<<<<
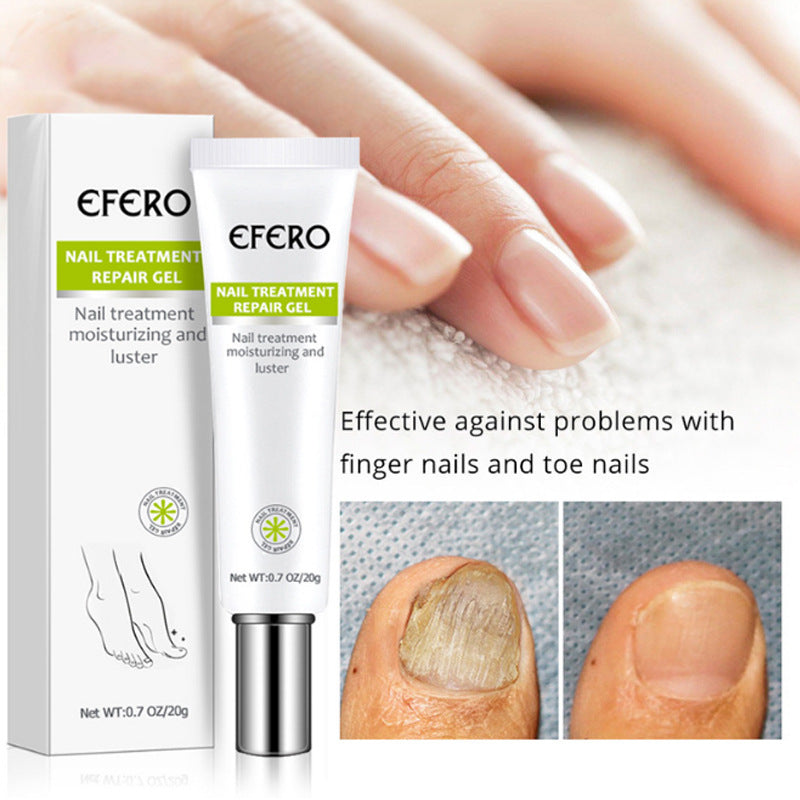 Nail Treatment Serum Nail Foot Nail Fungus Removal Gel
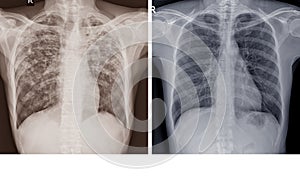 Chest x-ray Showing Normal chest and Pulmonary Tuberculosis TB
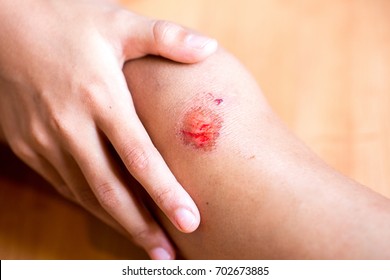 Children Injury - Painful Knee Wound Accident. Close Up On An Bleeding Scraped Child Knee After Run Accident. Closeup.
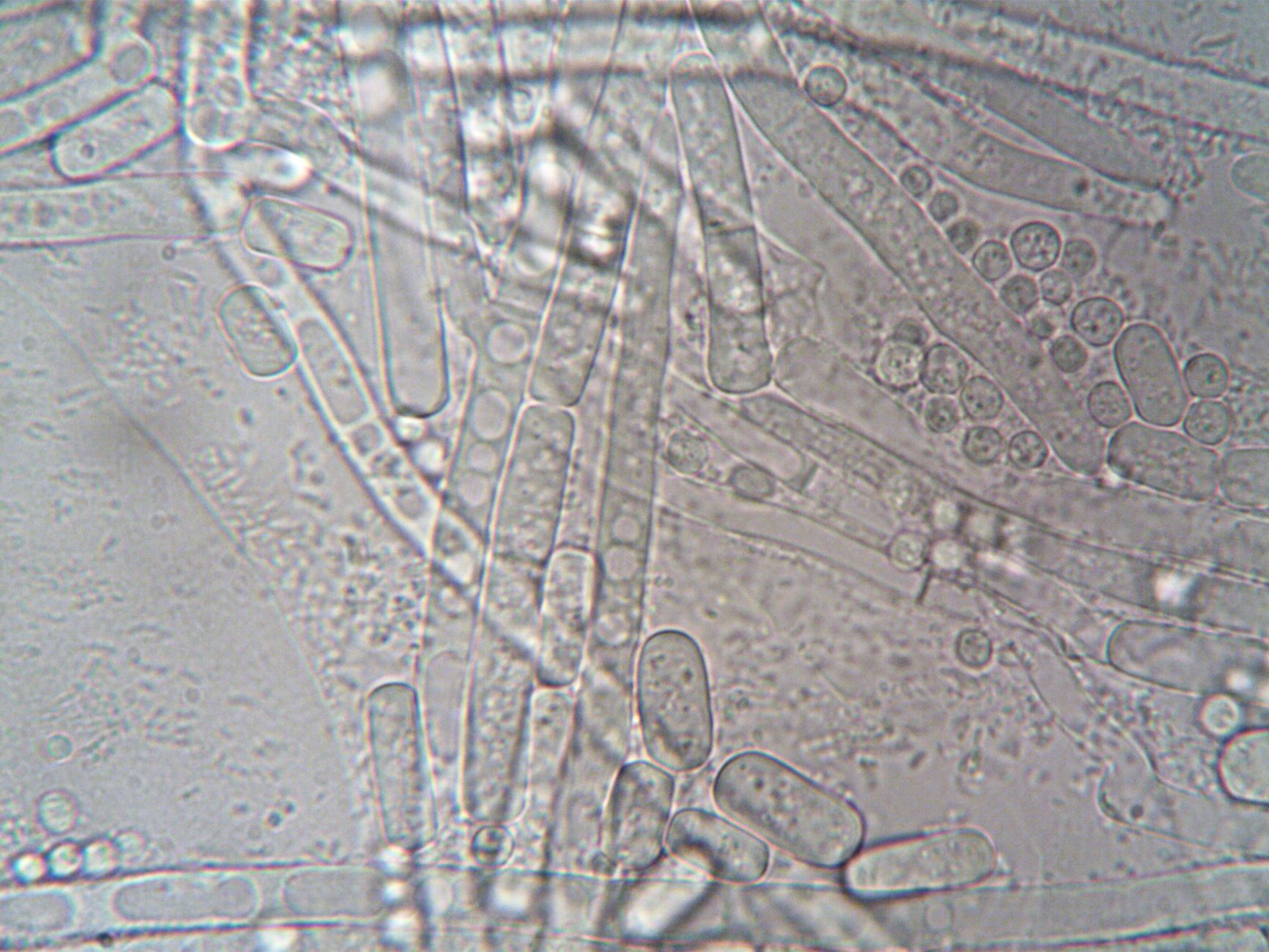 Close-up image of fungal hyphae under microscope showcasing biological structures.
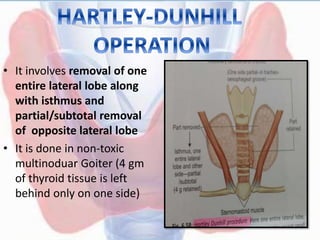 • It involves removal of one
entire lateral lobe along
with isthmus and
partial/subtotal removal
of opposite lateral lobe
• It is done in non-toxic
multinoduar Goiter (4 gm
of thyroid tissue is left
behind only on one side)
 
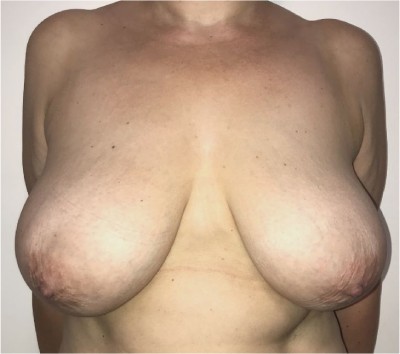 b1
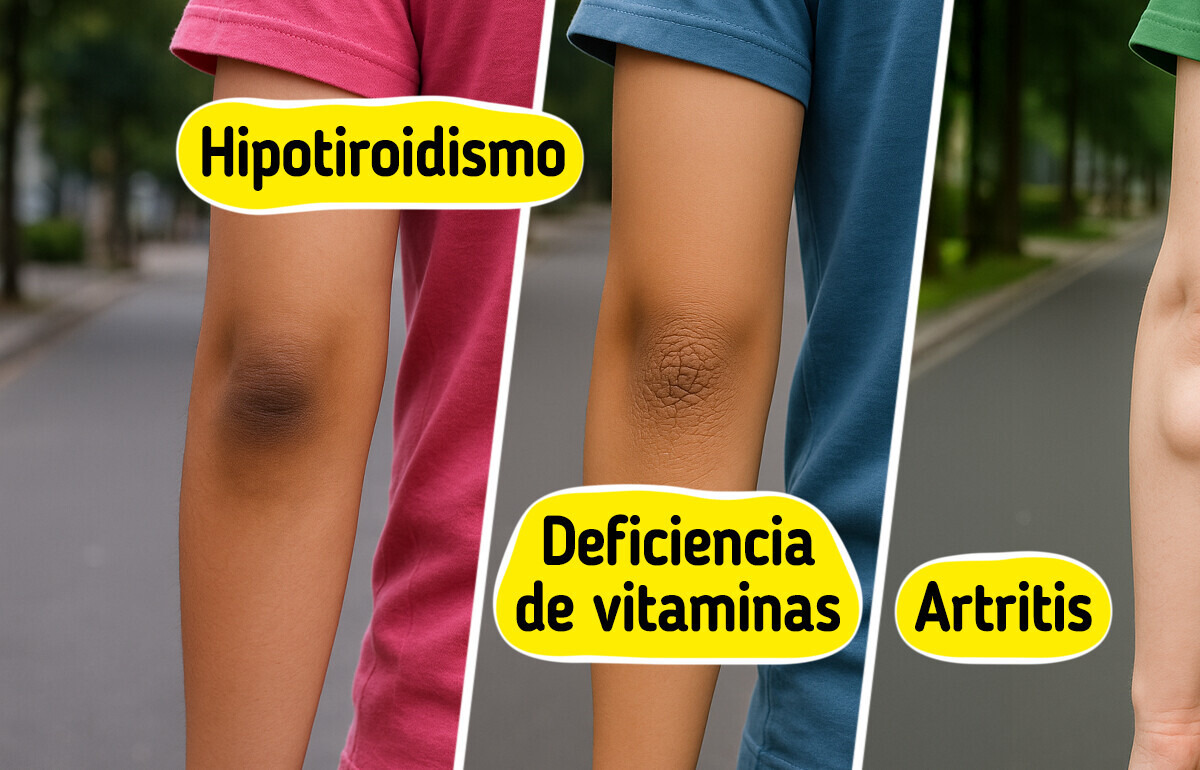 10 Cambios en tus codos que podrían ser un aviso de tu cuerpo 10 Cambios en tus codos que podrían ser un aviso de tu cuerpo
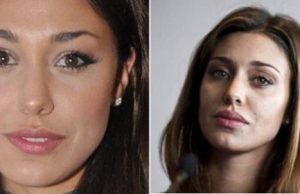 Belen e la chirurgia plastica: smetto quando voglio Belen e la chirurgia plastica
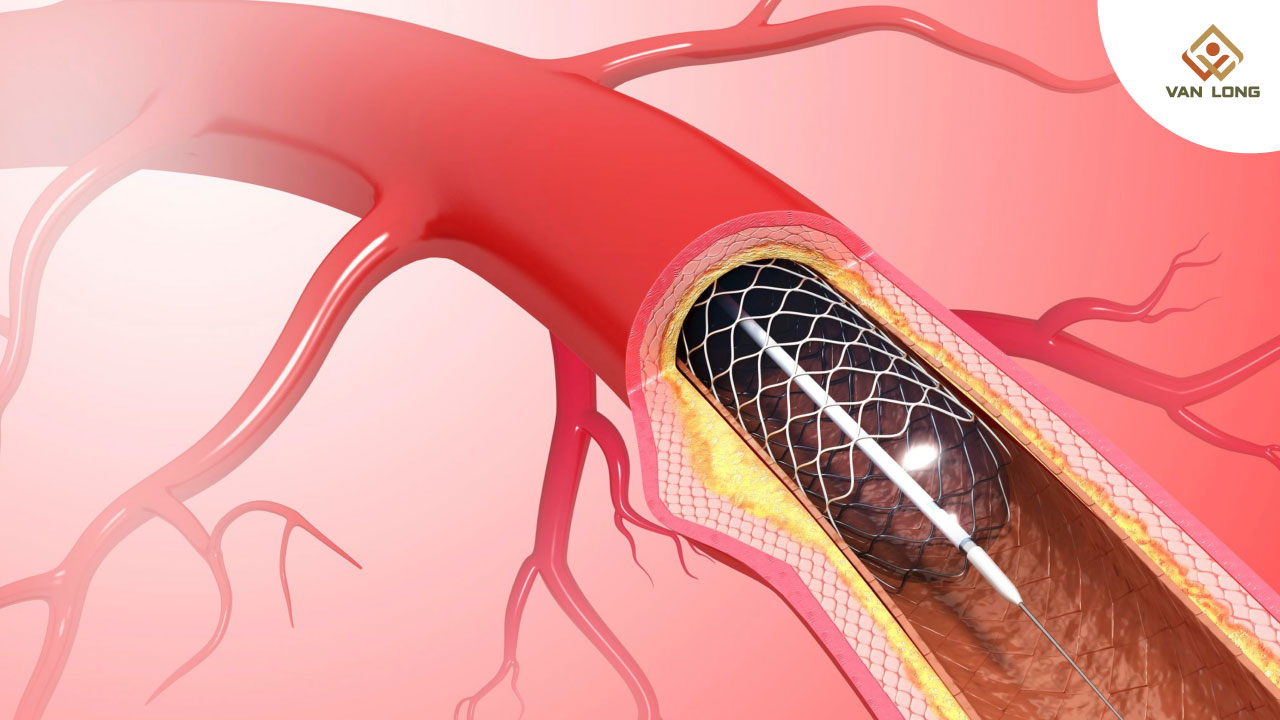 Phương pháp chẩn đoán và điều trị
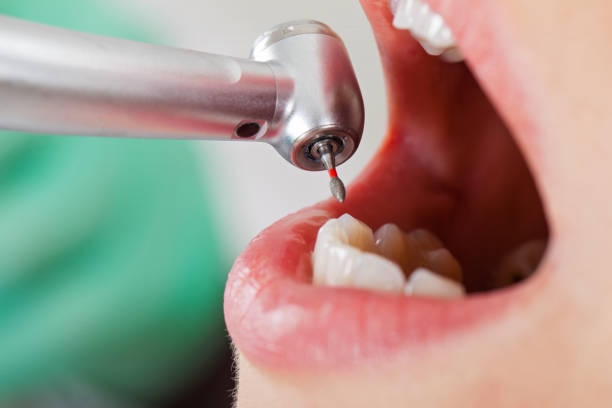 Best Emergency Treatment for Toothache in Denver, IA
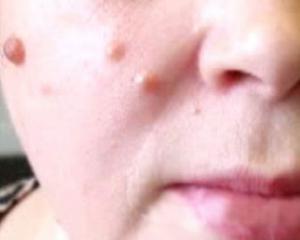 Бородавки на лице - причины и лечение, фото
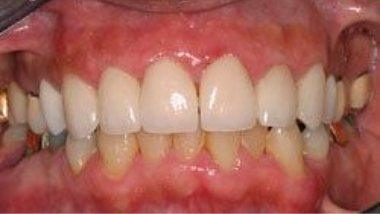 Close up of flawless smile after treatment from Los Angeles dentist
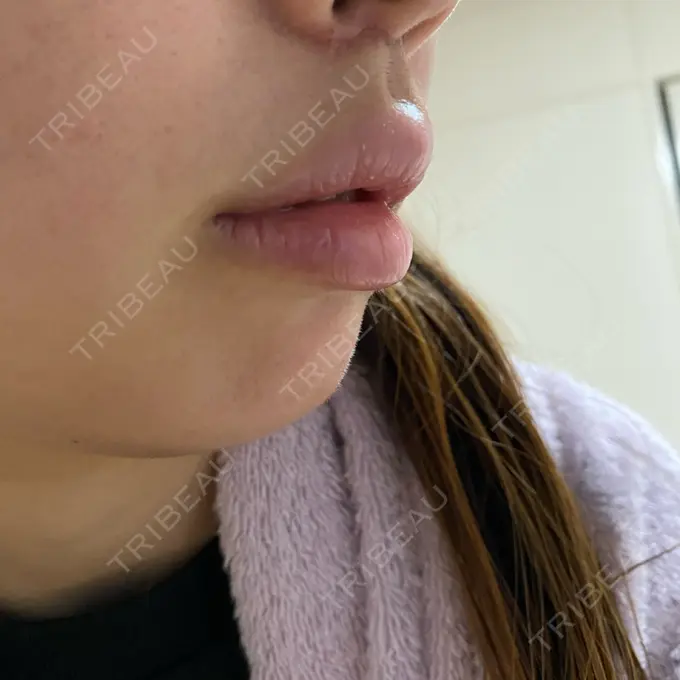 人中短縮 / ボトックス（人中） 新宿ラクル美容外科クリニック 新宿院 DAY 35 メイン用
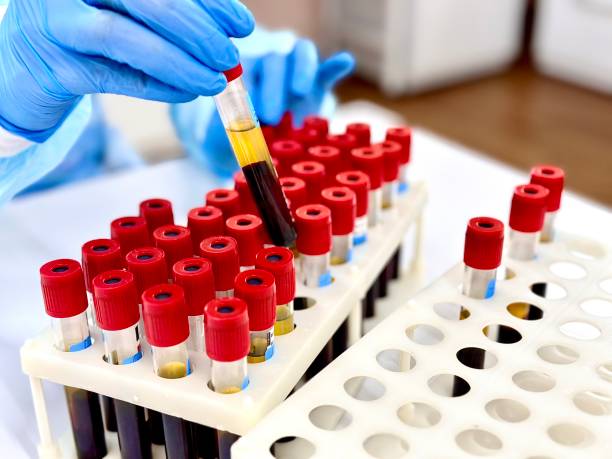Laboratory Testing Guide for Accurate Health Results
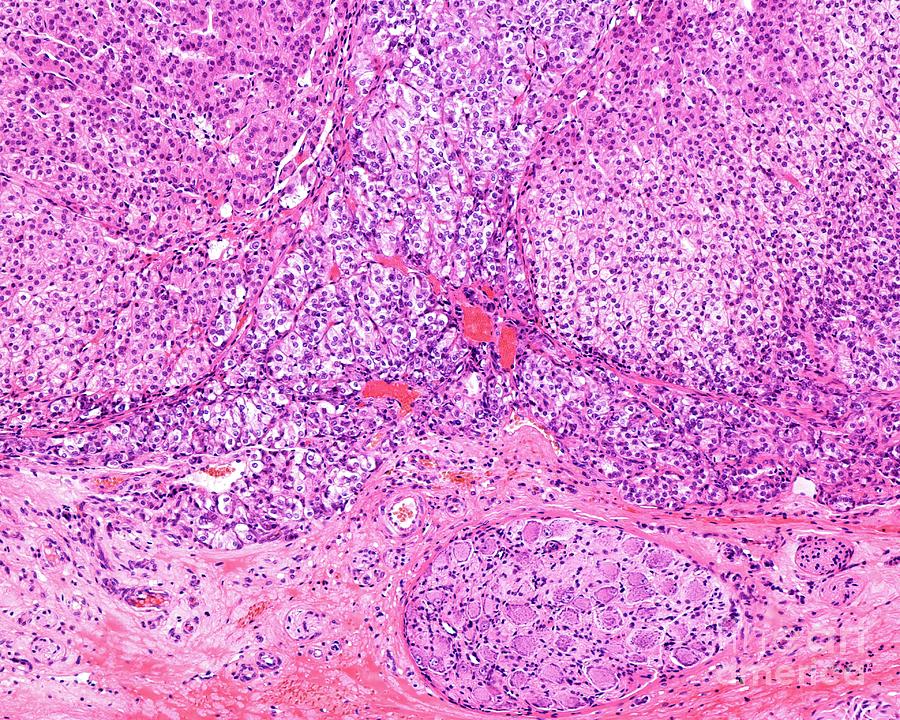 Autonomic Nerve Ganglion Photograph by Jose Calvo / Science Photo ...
>>>>
> YOUR GOAL
Restate word for word the lines above that start at the line containing "Belen e la chirurgia plastica: smetto" and run to the end of the listing; exclude the pictures.

> EXERCISE OUTPUT
 Belen e la chirurgia plastica: smetto quando voglio Belen e la chirurgia plastica
 Phương pháp chẩn đoán và điều trị
 Best Emergency Treatment for Toothache in Denver, IA
 Бородавки на лице - причины и лечение, фото
 Close up of flawless smile after treatment from Los Angeles dentist
 人中短縮 / ボトックス（人中） 新宿ラクル美容外科クリニック 新宿院 DAY 35 メイン用
Laboratory Testing Guide for Accurate Health Results
 Autonomic Nerve Ganglion Photograph by Jose Calvo / Science Photo ...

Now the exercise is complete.